Taux d’intérêt négatifs

Les décisions monétaires et en matière de taux d’intérêt de la Banque nationale suisse mettent les banques sous pression. Les taux d’intérêt négatifs constituent le plus grand défi : ils pèsent sur les marges et compliquent la gestion des bilans bancaires. Dans le contexte actuel, il est par ailleurs plus difficile d’interpréter de manière fiable les modèles financiers développés pour une constellation de taux positifs. Enfin, les taux d’intérêt négatifs limitent les possibilités d’investissement et incitent les clients à conclure moins de transactions.

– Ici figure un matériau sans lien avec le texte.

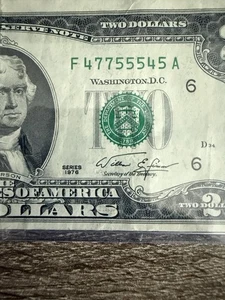 1976 Series $2 Bill with 'Very Off Center' Design Seal Vintage Two-Dollar Bill - Picture 1 of 4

« Les taux d’intérêt négatifs donnent de faux signaux pour la gestion du capital et des liquidités, ce qui conduit au bout du compte à une allocation inappropriée, dont les conséquences à long terme sont difficiles à évaluer du point de vue actuel », met en garde Patrick Schwaller. Nonobstant ces défis, 70 % des banques pensent s’abstenir de répercuter ces taux d’intérêt négatifs sur leur clientèle privée.

« A raison : une éventuelle répercussion aurait vraisemblablement des effets négatifs non souhaités », ajoute-t-il.

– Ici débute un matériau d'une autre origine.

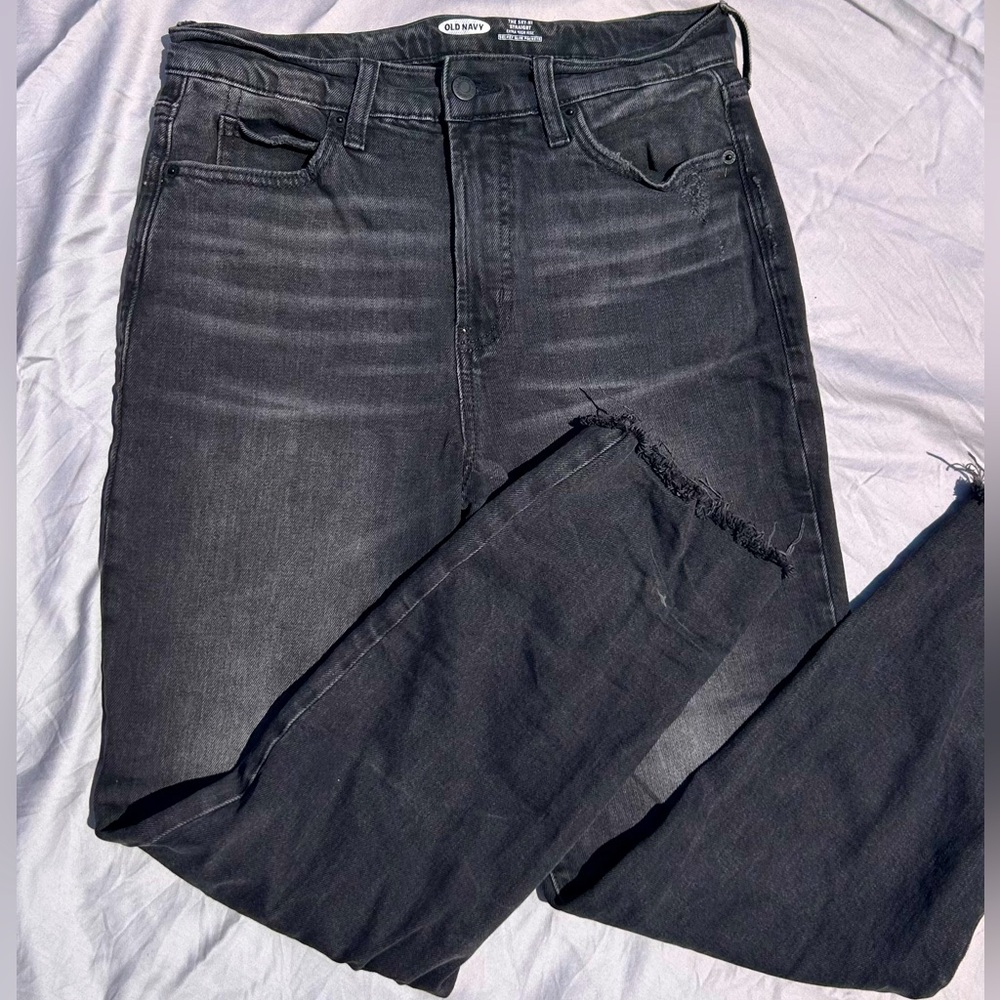Women’s Old Navy Black Denim High Rise Straight Jeans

Risque accru pour les crédits aux P
ME

L’abolition du cours plancher de l’euro a également un impact croissant sur le risque de crédit des banques. Pas moins de 45 % d’entre elles attendent au cours des douze prochains mois une augmentation des correctifs de valeurs et des provisions dans les affaires avec la clientèle entreprises. De nombreuses banques estiment que la place économique continuera d’être pénalisée par le franc fort et que les PME tournées vers l’exportation auront de plus en plus de difficultés à assurer le service de leurs crédits. Cependant, les banques n’envisagent pas de limiter l’octroi de crédits aux PME.

Entrée en vigueur retardée de l’échange automatique de renseignements

L’échange automatique de renseignements (EAR) est pour bientôt. Le calendrier pour l’introduction de l’EAR est serré, dans la mesure où les données des clients concernant l’année 2017 devront déjà être communiquées aux autorités étrangères participantes. Pourtant, un quart des banques interrogées n’a pas encore lancé de projet dans ce sens. Les établissements concernés font valoir qu’ils sont freinés non seulement par les coûts de cette mesure, mais également par l’absence à ce jour de directives d’application et d’interprétations claires.

Pas de reflux de capitaux significatifs

La tendance vers une plus grande transparence fiscale se poursuit. Cependant, 66 % (69 %) des banques affirment n’avoir pas enregistré de reflux de capitaux significatifs ; cette proportion n’est que de 53 % parmi les banques privées.

« De nombreuses banques sont en mesure de compenser largement les reflux de capitaux par l’entrée de nouveaux fonds. La place bancaire suisse parvient toujours à attirer de nouveaux fonds en quantités substantielles. Précisément en période de forte volatilité, la sécurité et la stabilité caractéristiques de la place financière sont très demandées », précise Marco Amato.

A propos de l’étude

Le baromètre des banques EY repose sur un sondage réalisé auprès de 120 dirigeants (principaux dirigeants) de différentes banques dans toute la Suisse, sans les deux grandes banques. Parmi les établissements interrogés, 39 % sont des banques privées, 29 % des banques régionales, 20 % des banques étrangères et 12 % des banques cantonales. 76 % des établissements sont basés en Suisse alémanique, 20 % en Suisse romande et 4 % au Tessin. L’enquête téléphonique a été réalisée en novembre 2015 par un institut de sondage indépendant (Valid Research, Bielefeld) pour le compte d’EY.